++++ Data records

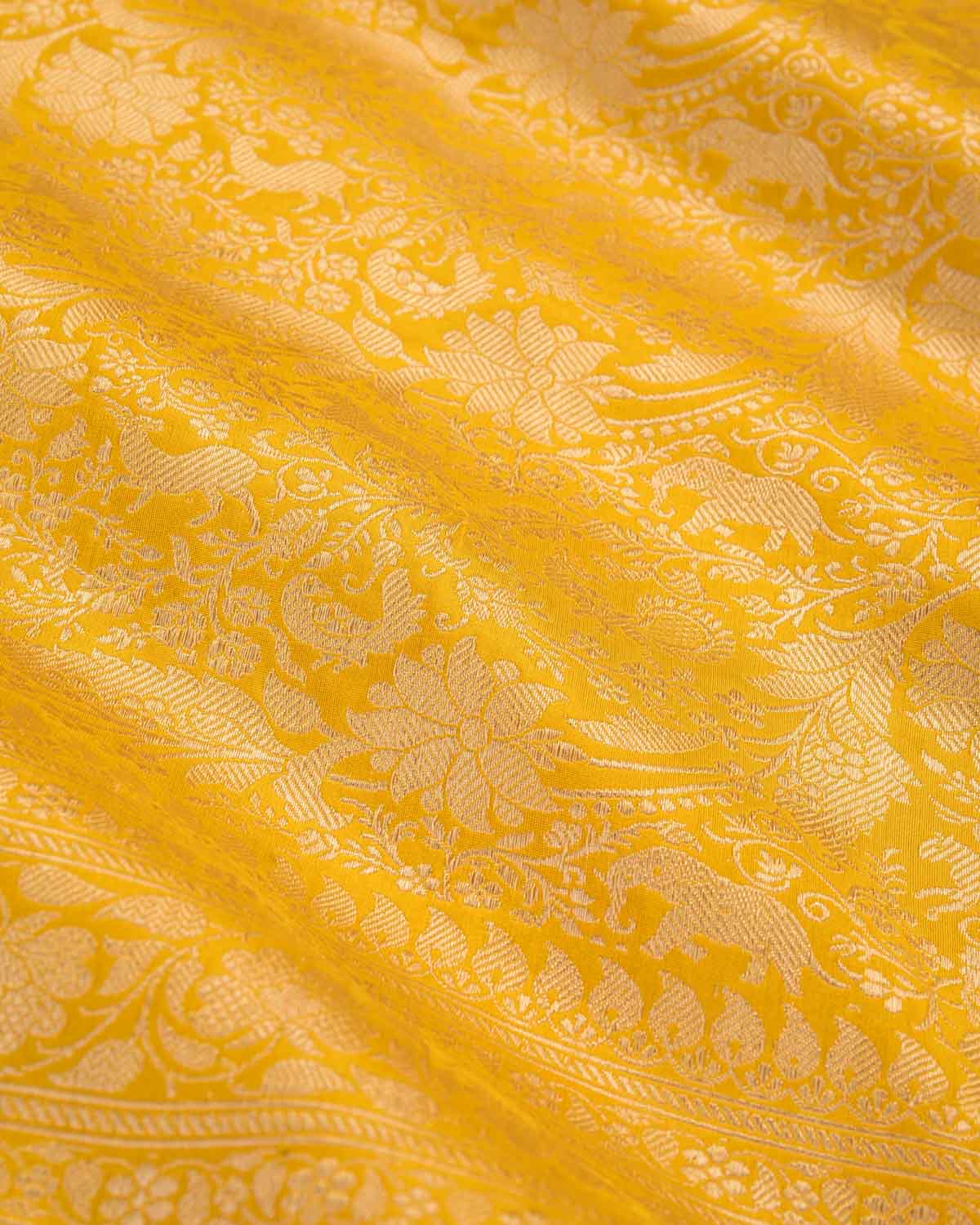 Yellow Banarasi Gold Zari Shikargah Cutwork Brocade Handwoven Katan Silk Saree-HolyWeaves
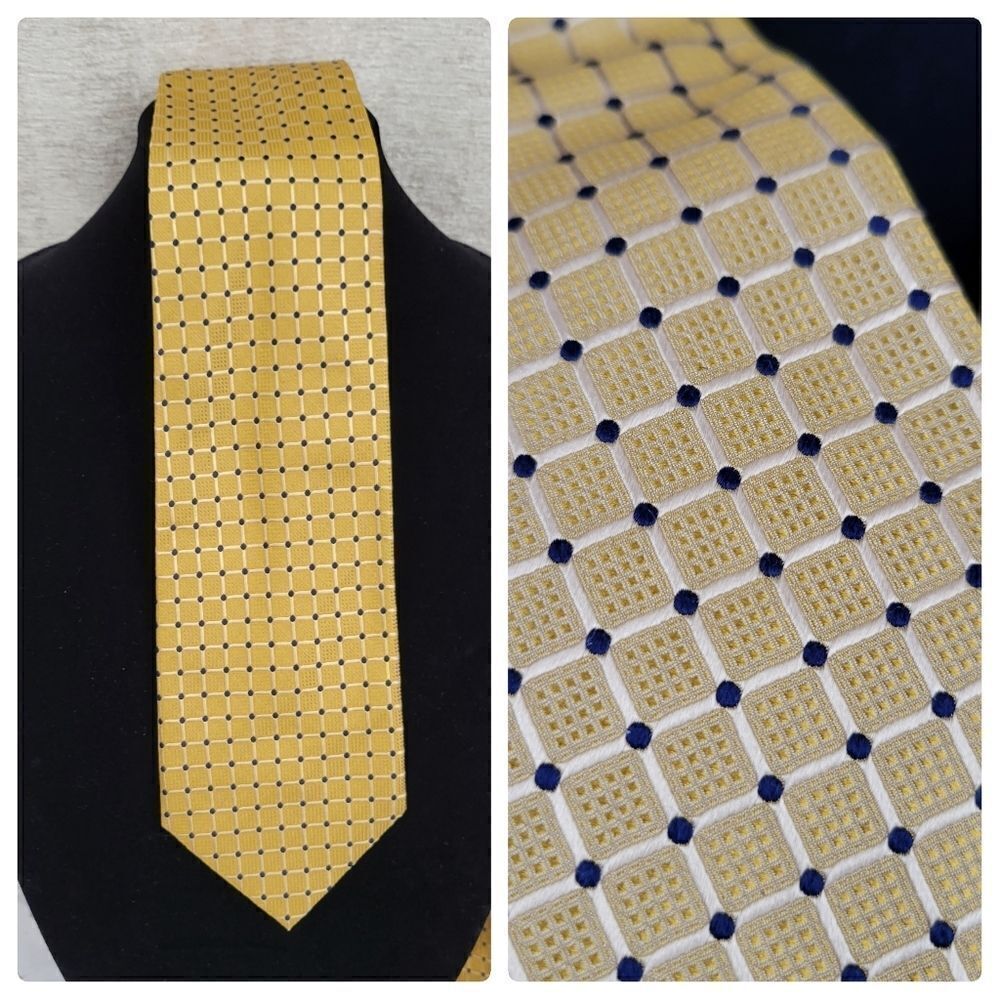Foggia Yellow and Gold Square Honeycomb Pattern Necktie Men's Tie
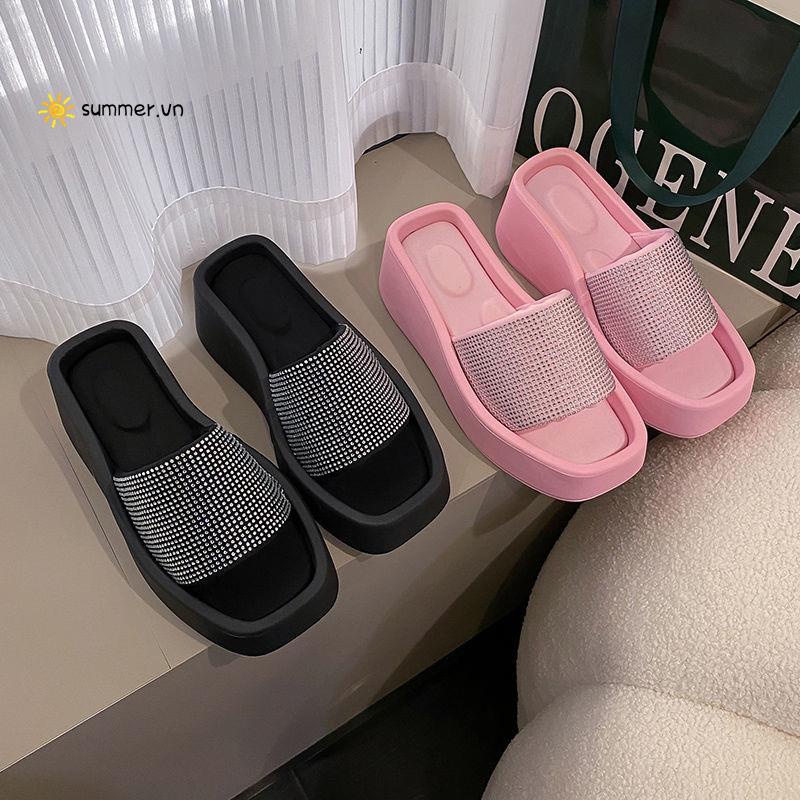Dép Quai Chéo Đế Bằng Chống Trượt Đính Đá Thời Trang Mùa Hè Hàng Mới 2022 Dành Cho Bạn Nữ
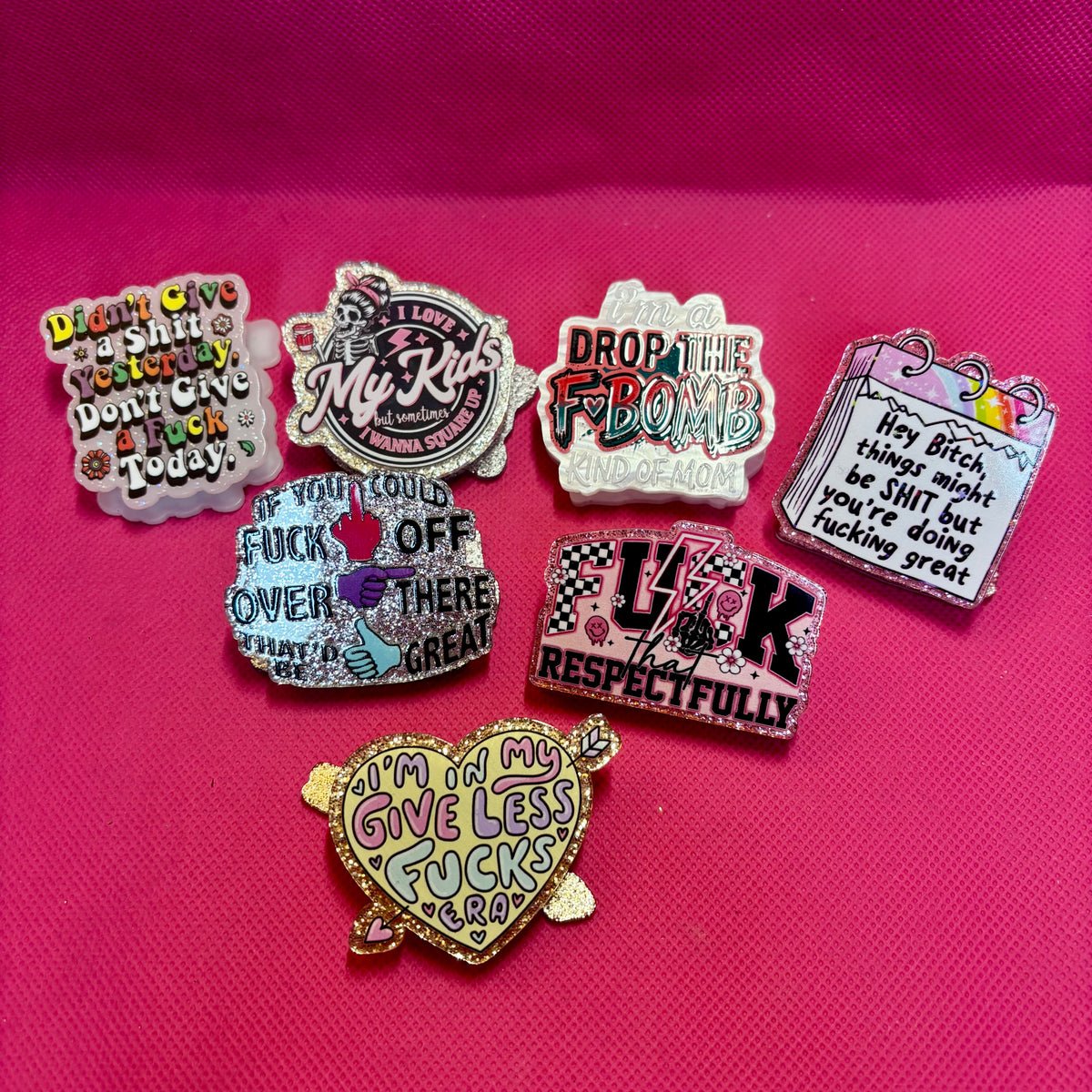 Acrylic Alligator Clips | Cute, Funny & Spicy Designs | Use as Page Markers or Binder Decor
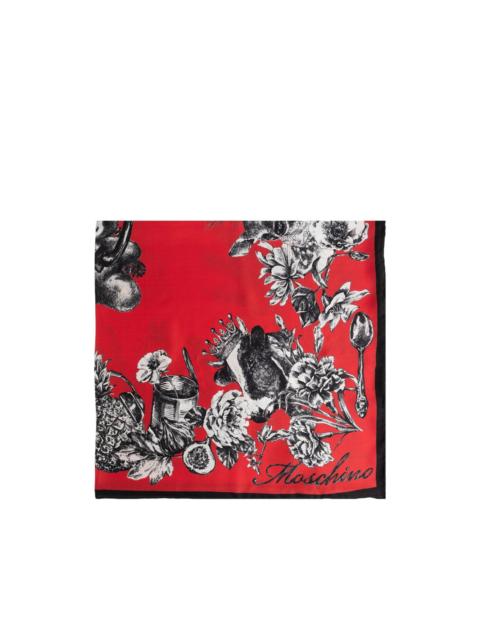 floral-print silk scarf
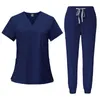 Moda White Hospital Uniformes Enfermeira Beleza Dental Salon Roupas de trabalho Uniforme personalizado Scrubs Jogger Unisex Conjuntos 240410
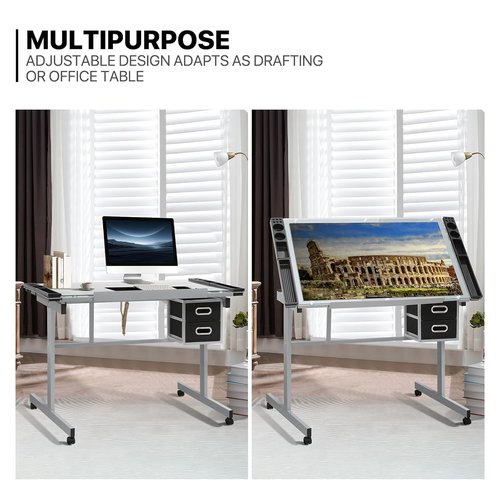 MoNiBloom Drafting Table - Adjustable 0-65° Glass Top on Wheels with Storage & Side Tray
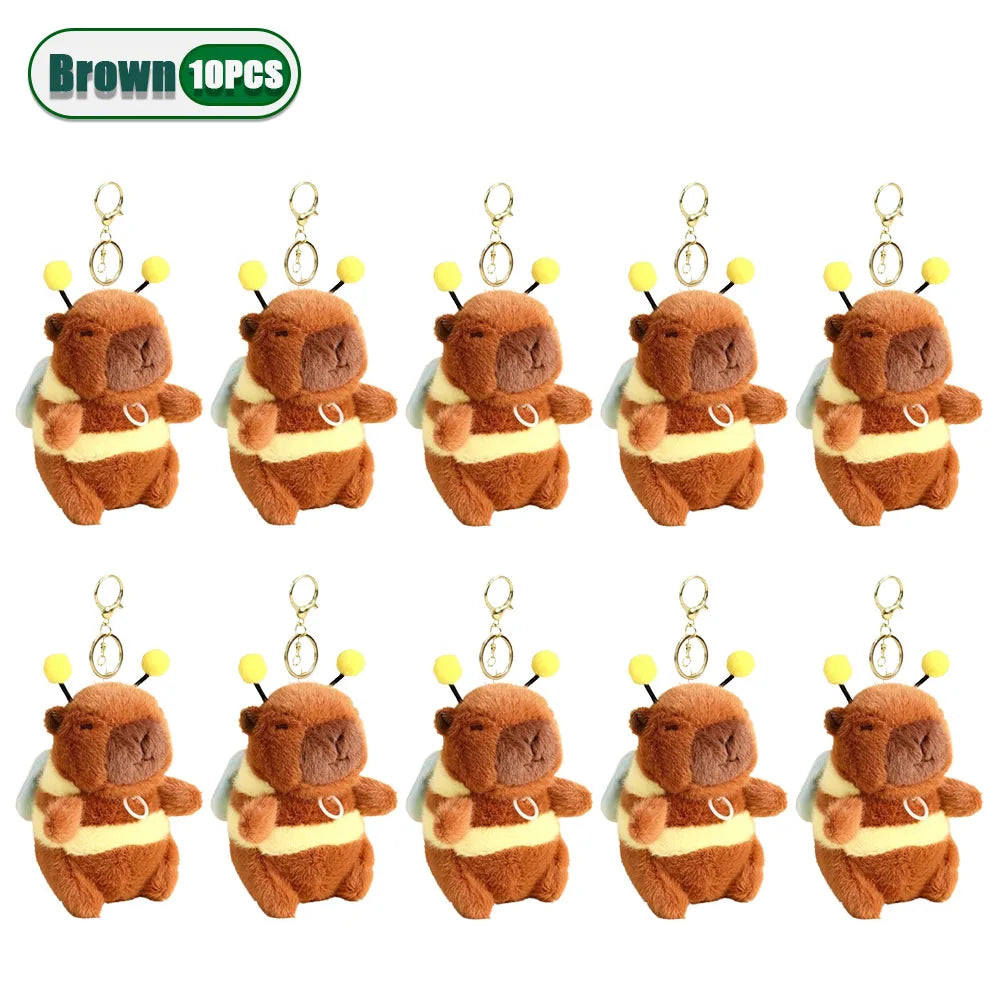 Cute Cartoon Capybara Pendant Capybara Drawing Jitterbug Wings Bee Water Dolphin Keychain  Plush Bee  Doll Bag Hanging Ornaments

++++++++

*Task objective*.
Beginning at the line above that contains "Dép Quai Chéo" and going on through the line that contains "MoNiBloom Drafting Table", please copy every line exactly, leaving the pictures out and adding nothing.

*Reply to the task*.
Dép Quai Chéo Đế Bằng Chống Trượt Đính Đá Thời Trang Mùa Hè Hàng Mới 2022 Dành Cho Bạn Nữ
 Acrylic Alligator Clips | Cute, Funny & Spicy Designs | Use as Page Markers or Binder Decor
 floral-print silk scarf
 Moda White Hospital Uniformes Enfermeira Beleza Dental Salon Roupas de trabalho Uniforme personalizado Scrubs Jogger Unisex Conjuntos 240410
 MoNiBloom Drafting Table - Adjustable 0-65° Glass Top on Wheels with Storage & Side Tray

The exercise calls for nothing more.